Blended finance is not yet happening at anywhere near the necessary scale. A report from Convergence on the state of climate-oriented blended finance notes that flows fell to about $2 billion in 2022, down from $7 billion per year during the prior decade. But several big projects (many pursuing the development of low-carbon hydrogen) were announced in 2022, and global leaders are pushing for development finance institutions to do much more.
So far, most of the private capital in blended finance funds has come from commercial banks that have expertise in lending into complex structures. However, others understand both the need and the opportunity to greatly expand the climate investment landscape. Some asset owners are participating in climate funds such as Climate Investor One and Climate Investor Two, both of which are sponsored by Climate Fund Managers and whose backers include the European Union. Asset owners Temasek and CDPQ are partnering with commercial banks (HSBC and Mitsubishi UFJ Financial Group, respectively) on infrastructure investment programs. And in September 2022, the UN-convened Net-Zero Asset Owner Alliance published recommendations for policymakers on how to scale blended finance.
While climate-oriented blended finance investments are still too scarce and too bespoke, asset owners that are able to participate in their development will benefit as this important new private-market investment category opens up.
Prepare to provide leadership, expertise, and connections, as well as capital. Capital and technological innovation are typically not sufficient inputs to ensure the success of companies that are developing climate solutions or pursuing decarbonization. These companies are also likely to need assistance with other challenges, such as making business-to-business sales of innovative technologies, connecting with the dispersed network of experts it takes to plot a practical path to net zero—or even rethinking how their business works. For example, to repurpose assets for capturing carbon, a company that operates a midstream gas pipeline will need to change a simple business model that it has relied on for decades.

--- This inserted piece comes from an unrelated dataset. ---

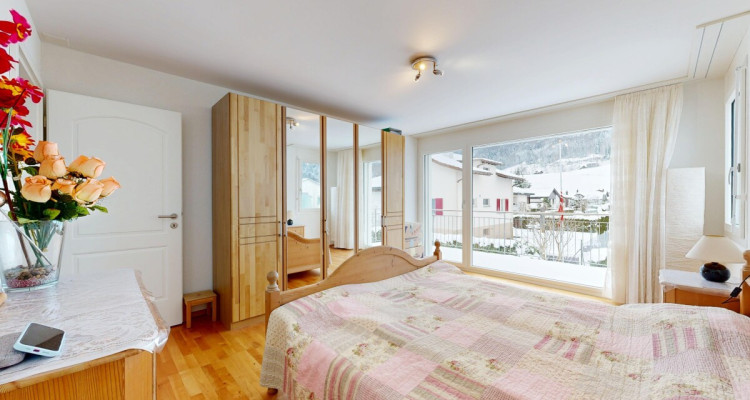 Grosszügiges Einfamilienhaus mit Panorama und Dachterrasse image 8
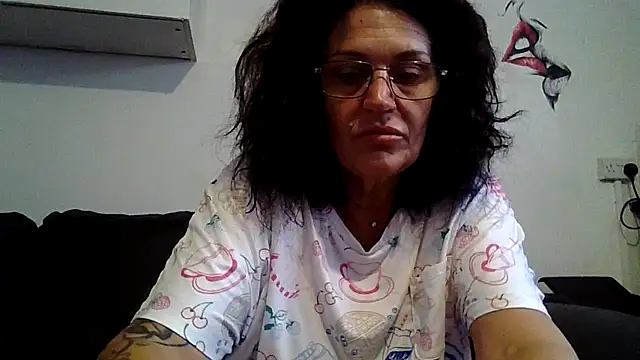 Snapshot of RubyyRosee chatting on July 18, 2026, 5:49 am RubyyRosee online show from July 18, 2026, 5:49 am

Lead investors and co-investors must be prepared to increase the level and types of nonfinancial support they can supply. Asset owners should consider companies’ nonfinancial needs when conducting due diligence and develop an understanding of the success factors in climate-focused private-market investments. All parties need to get comfortable with the degree of co-opetition in climate investments and be confident that the companies in their portfolios can take advantage of collaborations, such as the First Movers Coalition (which encourages demand for climate solutions) while still prioritizing the market-level returns that stakeholders need.

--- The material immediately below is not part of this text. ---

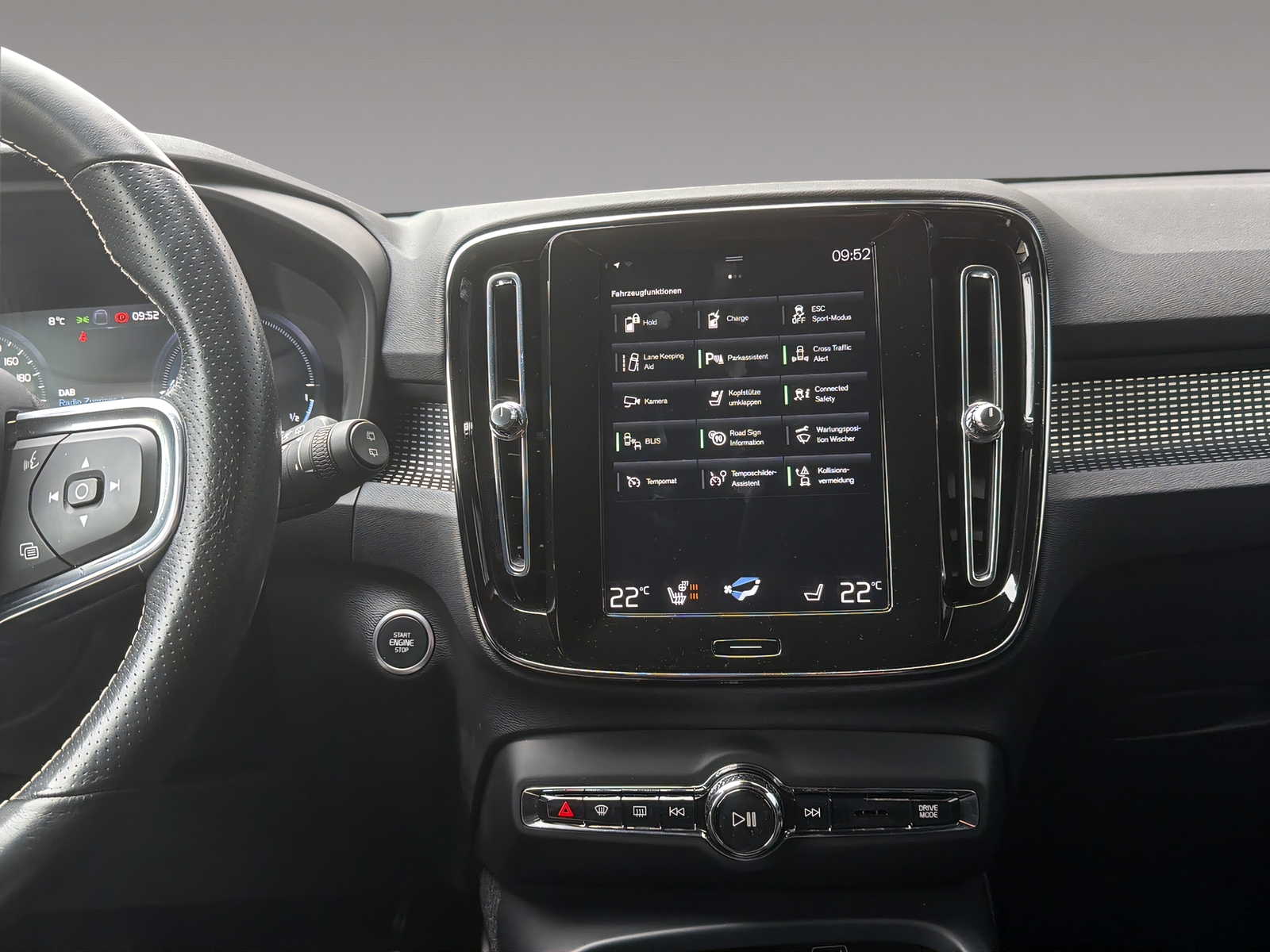 VOLVO XC40 1.5 T5 PiH R-Design-image-16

The net zero transition requires change and rethinking on the part of all companies, and asset owners are no exception. Indeed, the efforts to build momentum in climate finance can be seen partly as a process of adapting the traditional boundaries of the majority of asset owners to accommodate a new, more dynamic set of financing needs that—especially at this early stage of climate finance’s development—are best accompanied by active, hands-on management.

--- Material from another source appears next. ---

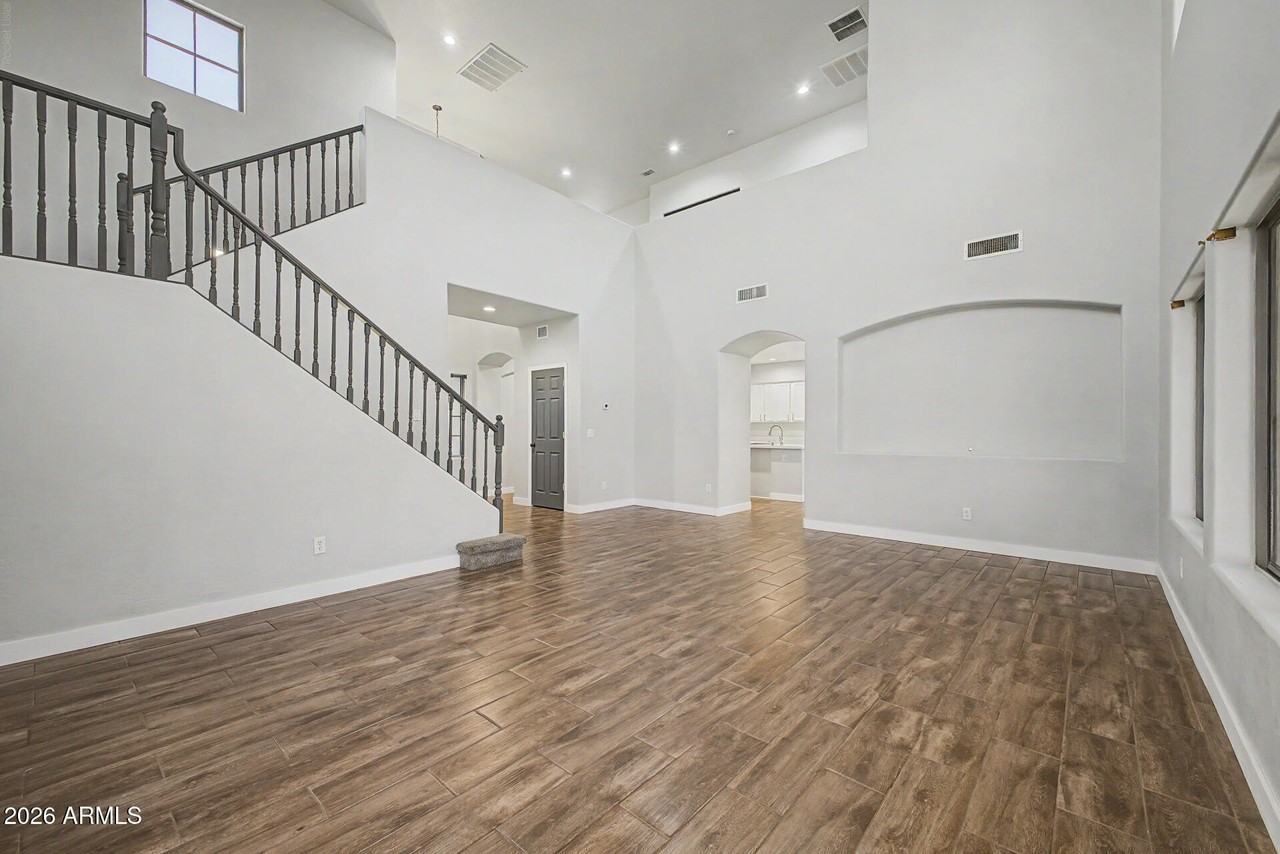 17446 W Yavapai St - Photo 7 of 45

It’s no accident that many of the asset owners now leading the way in climate finance are also among the most active in private-market investing, the most innovative, and the most likely to take a holistic view of their portfolios as asset classes evolve. Although the majority of asset owners may not be ready to undertake everything that the biggest, best-resourced pension and sovereign wealth funds are doing, they have a chance to make a bigger impact in climate finance. In doing so, asset owners will also be preparing for their own success as the transition to net zero accelerates—as it surely must.